Socialists can only welcome the abandonment by the Russian authorities of any claim to be socialist. That claim was never justified, not under Lenin any more than under Stalin, and did uncalculable damage to the cause of genuine socialism. Now Russia can be seen as what it always was in reality: one other capitalist state in a world of capitalist states.
What has happened in Russia—the emergence of a political regime relying more on the consent of the ruled than on their coercion—was bound to happen sooner or later since a developed capitalist economy cannot be run for any length of time on police-state lines, at least not without creating serious economic difficulties.
A modern industrial economy requires an educated working class to operate it, and such a working class cannot be bullied into working efficiently. Their co-operation has to be sought, and to this end they have to be granted certain rights both at work and in society generally, such as the right to form trade unions that can bargain over wages and working conditions and the right to have a say via the ballot box in the choice of political leaders.
All developed capitalist countries have been forced to grant the working class such rights. So it was possible to predict that this would happen sooner or later in Russia too. but not precisely when and how. We detected the beginning of this process in Russia under Khrushchev in the late 1950s and early 1960s and it seemed then that some sort of political democracy would emerge there within a decade or so. But then came Brezhnev. And we must confess to being as surprised as anyone else at the speed with which events have moved in Russia and Eastern Europe over the past three years.
The point is that the actual course of events depends on the precise historical background and on the choices made by those involved—the ruling class and their political representatives, and the working class. Those who seized political power in Russia in 1917 used it to force the pace of capitalist development there. The state was used not only to drive the peasants off the land and into the factories, mines and construction sites (as had happened in the early stages of capitalism in England too) but also to organise the extraction of surplus value from the newly-created working class and its accumulation as more and more capital, a task which in other capitalist countries had been left to the private initiative of capitalist enterprises.
As a result the type of capitalism that emerged in Russia was one where the state was the capitalist.

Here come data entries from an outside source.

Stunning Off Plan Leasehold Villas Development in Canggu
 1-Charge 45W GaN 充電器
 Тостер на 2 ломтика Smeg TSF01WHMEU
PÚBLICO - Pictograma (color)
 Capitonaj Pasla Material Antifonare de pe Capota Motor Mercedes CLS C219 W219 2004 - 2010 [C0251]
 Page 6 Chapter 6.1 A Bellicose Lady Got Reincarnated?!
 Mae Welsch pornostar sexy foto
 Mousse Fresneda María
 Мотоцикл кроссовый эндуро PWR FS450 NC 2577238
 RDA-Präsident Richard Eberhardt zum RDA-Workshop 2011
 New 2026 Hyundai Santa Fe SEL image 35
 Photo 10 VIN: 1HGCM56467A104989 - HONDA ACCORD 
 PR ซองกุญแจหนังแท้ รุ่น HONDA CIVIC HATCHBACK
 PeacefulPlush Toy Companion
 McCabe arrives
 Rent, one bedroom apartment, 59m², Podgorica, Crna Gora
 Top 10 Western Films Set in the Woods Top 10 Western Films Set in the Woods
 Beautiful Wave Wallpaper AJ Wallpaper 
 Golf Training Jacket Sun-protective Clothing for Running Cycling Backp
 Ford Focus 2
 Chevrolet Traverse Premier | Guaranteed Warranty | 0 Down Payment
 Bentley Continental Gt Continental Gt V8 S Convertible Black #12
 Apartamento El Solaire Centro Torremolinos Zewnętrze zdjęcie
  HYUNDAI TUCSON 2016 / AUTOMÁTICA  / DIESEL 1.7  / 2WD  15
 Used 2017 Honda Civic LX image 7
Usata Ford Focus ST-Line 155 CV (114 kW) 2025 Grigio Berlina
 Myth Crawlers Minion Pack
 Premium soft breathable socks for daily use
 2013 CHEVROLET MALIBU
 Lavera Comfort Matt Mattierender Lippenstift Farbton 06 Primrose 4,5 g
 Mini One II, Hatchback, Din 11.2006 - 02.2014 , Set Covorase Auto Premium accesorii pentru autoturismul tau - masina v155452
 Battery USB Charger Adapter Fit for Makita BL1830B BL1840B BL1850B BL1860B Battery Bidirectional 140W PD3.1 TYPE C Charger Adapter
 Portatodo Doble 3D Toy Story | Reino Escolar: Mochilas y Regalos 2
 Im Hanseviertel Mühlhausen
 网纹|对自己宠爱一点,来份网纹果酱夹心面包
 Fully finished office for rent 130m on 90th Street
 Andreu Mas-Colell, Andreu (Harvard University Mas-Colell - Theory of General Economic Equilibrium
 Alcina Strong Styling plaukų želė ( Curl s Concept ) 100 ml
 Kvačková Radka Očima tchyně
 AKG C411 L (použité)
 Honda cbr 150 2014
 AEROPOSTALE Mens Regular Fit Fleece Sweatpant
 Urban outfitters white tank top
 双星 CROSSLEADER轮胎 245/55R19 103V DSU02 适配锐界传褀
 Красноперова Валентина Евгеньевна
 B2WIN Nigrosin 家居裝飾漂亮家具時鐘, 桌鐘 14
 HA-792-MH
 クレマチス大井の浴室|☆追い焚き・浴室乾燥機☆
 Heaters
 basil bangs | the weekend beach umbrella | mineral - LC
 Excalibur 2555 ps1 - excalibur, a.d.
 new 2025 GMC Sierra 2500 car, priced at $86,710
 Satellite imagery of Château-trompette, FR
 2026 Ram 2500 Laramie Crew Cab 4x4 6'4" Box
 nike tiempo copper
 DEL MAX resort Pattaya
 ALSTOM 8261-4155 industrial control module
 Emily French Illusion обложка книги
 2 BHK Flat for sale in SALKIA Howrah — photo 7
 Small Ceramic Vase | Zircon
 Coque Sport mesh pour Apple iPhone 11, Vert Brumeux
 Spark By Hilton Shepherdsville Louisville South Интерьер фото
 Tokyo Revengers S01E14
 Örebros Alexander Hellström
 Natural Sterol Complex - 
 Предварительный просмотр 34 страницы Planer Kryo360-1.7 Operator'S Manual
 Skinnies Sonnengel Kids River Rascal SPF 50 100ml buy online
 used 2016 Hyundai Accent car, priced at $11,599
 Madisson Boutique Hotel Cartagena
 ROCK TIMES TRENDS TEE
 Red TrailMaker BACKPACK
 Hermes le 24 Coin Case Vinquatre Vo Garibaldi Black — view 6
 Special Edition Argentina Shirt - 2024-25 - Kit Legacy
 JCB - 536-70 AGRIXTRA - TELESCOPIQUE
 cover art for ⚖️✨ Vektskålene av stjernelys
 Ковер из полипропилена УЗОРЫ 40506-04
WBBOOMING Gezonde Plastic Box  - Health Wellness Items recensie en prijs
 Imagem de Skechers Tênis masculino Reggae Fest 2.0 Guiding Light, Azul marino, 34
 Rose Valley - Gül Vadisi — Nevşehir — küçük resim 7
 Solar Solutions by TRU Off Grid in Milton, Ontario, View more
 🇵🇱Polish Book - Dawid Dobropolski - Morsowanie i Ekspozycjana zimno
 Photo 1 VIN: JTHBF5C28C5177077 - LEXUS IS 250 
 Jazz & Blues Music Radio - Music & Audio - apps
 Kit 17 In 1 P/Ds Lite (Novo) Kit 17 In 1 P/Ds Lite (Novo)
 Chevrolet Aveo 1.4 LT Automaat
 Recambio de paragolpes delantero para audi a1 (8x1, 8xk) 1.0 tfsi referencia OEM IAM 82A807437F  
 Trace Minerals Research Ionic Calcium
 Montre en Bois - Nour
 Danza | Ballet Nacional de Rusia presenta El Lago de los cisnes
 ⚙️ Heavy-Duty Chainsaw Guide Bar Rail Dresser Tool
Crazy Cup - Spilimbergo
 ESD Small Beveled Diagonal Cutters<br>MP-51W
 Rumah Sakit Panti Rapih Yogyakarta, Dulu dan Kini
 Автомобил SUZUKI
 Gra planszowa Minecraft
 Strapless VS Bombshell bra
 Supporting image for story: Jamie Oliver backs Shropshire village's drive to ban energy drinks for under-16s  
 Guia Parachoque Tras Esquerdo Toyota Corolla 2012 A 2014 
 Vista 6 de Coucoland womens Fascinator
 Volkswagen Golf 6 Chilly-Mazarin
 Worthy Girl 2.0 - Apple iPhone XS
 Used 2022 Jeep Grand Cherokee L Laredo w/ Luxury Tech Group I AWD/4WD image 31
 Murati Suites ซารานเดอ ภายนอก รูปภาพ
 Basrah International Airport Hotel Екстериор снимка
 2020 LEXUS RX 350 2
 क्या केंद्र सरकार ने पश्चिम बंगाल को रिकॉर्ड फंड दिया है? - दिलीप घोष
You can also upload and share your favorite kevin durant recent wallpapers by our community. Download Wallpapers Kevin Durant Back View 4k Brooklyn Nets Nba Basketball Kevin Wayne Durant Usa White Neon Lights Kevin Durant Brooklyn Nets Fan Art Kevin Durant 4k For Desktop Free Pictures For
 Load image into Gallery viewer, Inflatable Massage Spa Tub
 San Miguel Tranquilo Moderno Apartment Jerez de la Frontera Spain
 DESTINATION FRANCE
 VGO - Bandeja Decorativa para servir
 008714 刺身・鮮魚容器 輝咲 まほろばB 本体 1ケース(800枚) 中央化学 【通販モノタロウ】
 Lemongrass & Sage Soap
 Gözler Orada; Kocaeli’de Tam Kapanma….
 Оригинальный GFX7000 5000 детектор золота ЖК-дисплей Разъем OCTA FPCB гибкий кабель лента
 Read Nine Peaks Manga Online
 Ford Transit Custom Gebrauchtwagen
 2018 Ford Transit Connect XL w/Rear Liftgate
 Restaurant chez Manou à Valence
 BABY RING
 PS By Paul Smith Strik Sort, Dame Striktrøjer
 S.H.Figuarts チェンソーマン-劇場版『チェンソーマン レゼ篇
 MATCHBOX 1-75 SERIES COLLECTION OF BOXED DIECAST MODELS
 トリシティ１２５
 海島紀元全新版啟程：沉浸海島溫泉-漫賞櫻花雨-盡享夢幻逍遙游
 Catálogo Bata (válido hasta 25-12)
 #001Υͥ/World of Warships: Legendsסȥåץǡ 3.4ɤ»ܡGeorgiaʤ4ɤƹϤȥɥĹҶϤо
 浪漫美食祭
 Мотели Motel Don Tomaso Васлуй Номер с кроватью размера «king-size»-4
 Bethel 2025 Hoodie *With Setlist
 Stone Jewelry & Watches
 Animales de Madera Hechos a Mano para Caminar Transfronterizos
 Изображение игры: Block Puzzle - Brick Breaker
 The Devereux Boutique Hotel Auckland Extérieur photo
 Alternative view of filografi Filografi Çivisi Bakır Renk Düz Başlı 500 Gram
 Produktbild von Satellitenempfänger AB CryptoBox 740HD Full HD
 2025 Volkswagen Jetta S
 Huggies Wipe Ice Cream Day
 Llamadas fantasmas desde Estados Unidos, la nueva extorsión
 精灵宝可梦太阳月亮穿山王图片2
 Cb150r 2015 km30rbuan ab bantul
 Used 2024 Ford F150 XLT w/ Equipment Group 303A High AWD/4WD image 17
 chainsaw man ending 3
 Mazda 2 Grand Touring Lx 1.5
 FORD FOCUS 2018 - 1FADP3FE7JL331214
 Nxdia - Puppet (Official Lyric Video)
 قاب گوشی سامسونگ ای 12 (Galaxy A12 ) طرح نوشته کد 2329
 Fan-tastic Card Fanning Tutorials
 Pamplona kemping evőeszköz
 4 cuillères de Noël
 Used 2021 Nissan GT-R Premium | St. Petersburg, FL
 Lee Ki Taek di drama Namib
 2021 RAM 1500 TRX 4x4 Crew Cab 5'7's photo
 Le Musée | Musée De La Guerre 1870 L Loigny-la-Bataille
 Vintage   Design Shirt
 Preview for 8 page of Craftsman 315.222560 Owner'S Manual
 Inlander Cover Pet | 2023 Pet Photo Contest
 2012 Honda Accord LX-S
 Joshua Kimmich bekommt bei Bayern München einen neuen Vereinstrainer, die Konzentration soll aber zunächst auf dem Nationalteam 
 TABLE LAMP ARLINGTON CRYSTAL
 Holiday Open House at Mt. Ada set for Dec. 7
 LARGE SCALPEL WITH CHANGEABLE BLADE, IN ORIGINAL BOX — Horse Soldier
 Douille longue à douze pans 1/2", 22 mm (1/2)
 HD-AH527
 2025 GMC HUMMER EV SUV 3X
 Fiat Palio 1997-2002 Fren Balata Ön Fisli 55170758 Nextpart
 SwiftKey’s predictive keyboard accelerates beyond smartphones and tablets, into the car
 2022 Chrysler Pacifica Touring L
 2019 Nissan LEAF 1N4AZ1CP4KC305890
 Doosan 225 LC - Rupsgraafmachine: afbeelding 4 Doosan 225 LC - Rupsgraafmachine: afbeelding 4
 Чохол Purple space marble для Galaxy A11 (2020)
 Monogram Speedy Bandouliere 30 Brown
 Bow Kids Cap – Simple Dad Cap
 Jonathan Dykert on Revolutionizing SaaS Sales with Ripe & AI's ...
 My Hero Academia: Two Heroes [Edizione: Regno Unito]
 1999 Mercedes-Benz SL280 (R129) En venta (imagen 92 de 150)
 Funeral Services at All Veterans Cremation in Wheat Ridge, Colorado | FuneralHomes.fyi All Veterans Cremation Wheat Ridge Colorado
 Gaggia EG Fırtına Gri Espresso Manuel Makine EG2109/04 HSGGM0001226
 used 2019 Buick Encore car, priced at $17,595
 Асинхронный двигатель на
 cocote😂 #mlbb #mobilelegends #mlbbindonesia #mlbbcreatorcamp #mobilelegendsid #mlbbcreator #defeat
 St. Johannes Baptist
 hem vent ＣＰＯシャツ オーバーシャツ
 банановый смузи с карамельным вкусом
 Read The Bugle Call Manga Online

As the state was monopolised by a clique of Party and state officials, known in Russian as the “nomenklatura”, this made them the effective owners of the means of production, even if collectively as a body rather than as individuals, and enabled them to enjoy a privileged lifestyle.
From the point of view of Russian capitalism, this system was relatively successful in that it built up an industrial infrastructure which allowed Russia to emerge from the Second World War as the second greatest military power in the world. However, by the 1950s there were signs that it was beginning to become a drag on further capitalist development in Russia in the same way that previously the Tsarist regime had been.
An educated urban working class had emerged that could no longer be treated in the same brutal way as the dispossessed peasants who had been slave-driven into building Russia's basic industries. A section of the Russian ruling class realised this and under Khrushchev a number of reforms were made: Stalin's methods were criticised, the labour code was made less strict, and central state control was relaxed in both the economy and the field of ideas. Another section of the ruling class, however, saw where this would logically lead: to some measure of political democracy and the end of the nomenklatura system and their privileged position in society. Khrushchev was deposed in 1964 and Brezhnev took over.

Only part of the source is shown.